→ EXERCISE INSTRUCTIONS
Retype the listing exactly, with no images.

→ DATASET EXCERPT
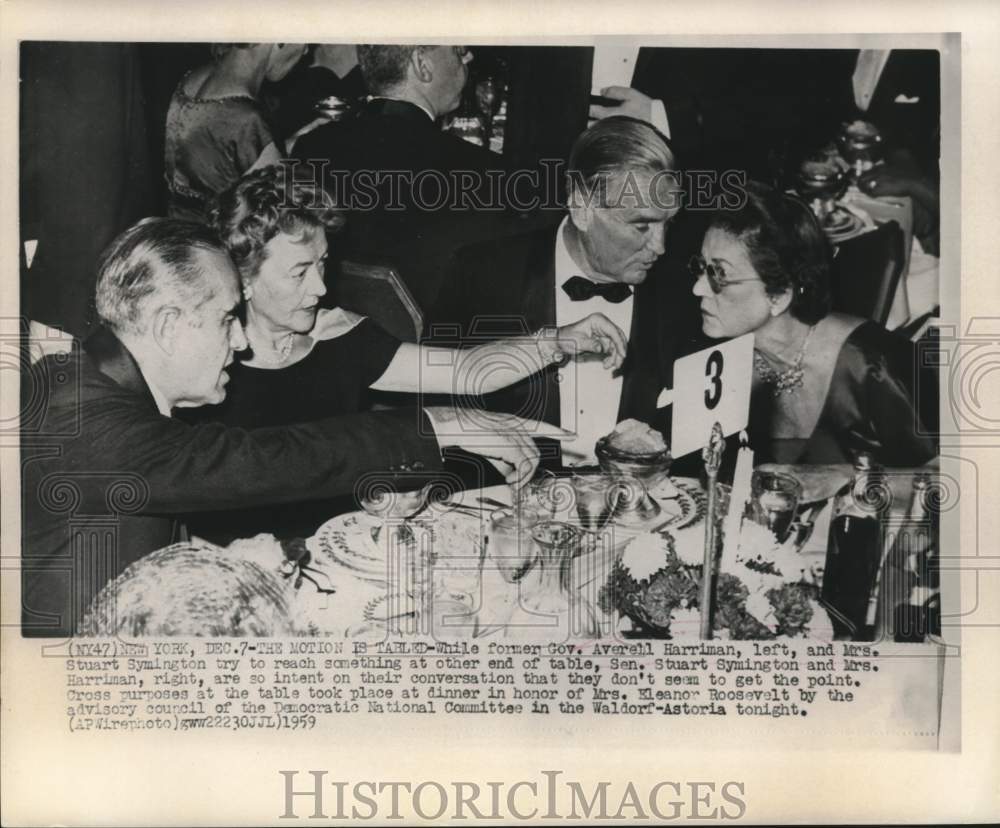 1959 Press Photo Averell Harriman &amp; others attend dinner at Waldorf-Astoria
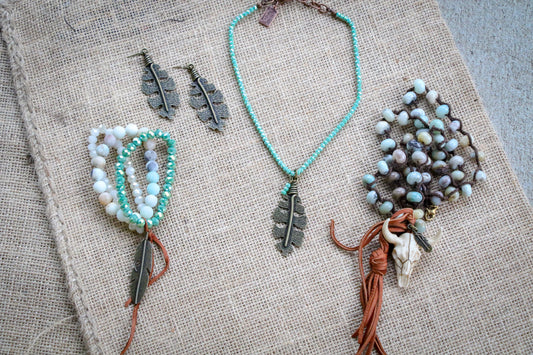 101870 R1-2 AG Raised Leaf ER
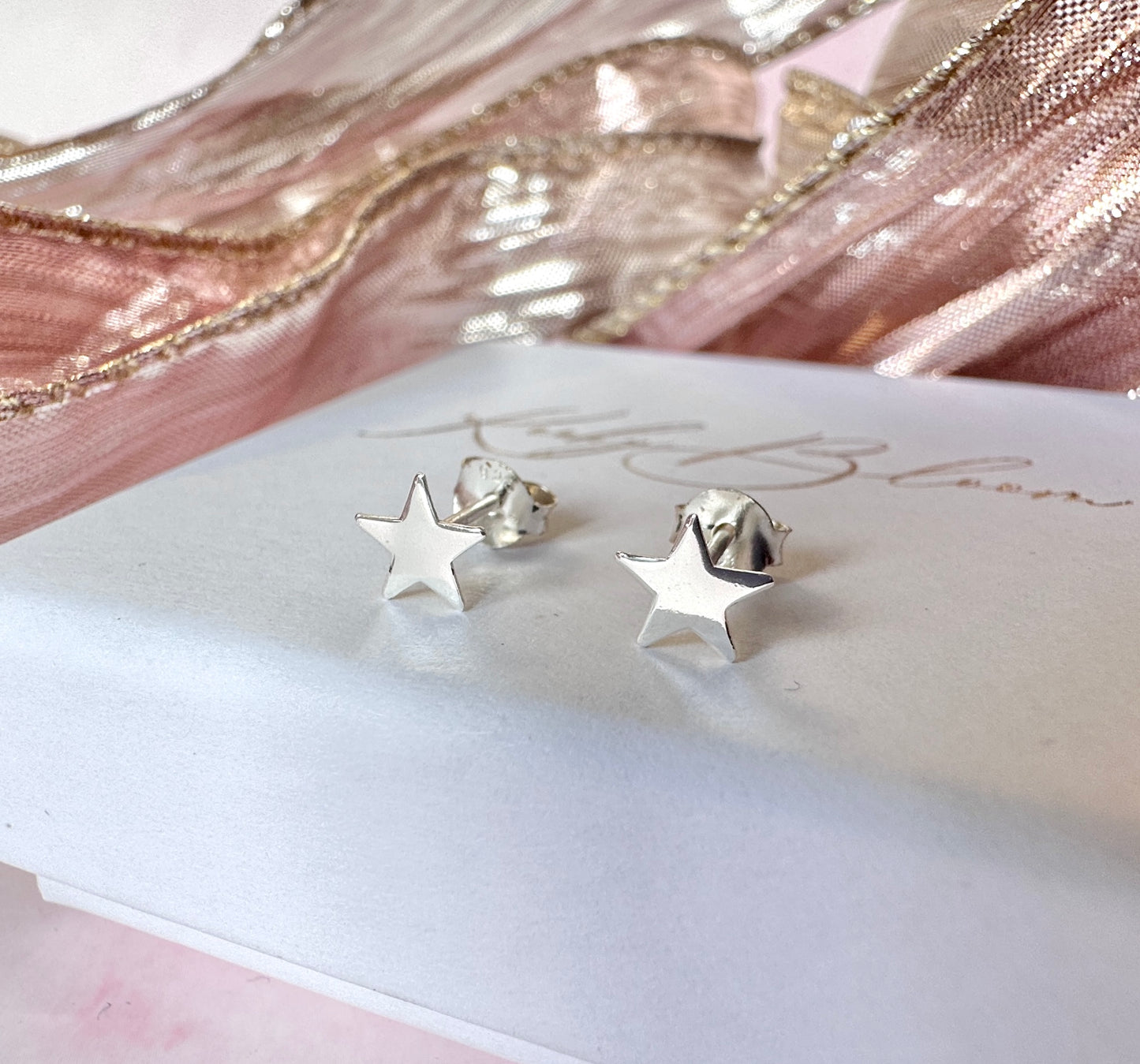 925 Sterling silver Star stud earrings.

→ RESULT OF THIS TASK
 1959 Press Photo Averell Harriman &amp; others attend dinner at Waldorf-Astoria
 101870 R1-2 AG Raised Leaf ER
 925 Sterling silver Star stud earrings.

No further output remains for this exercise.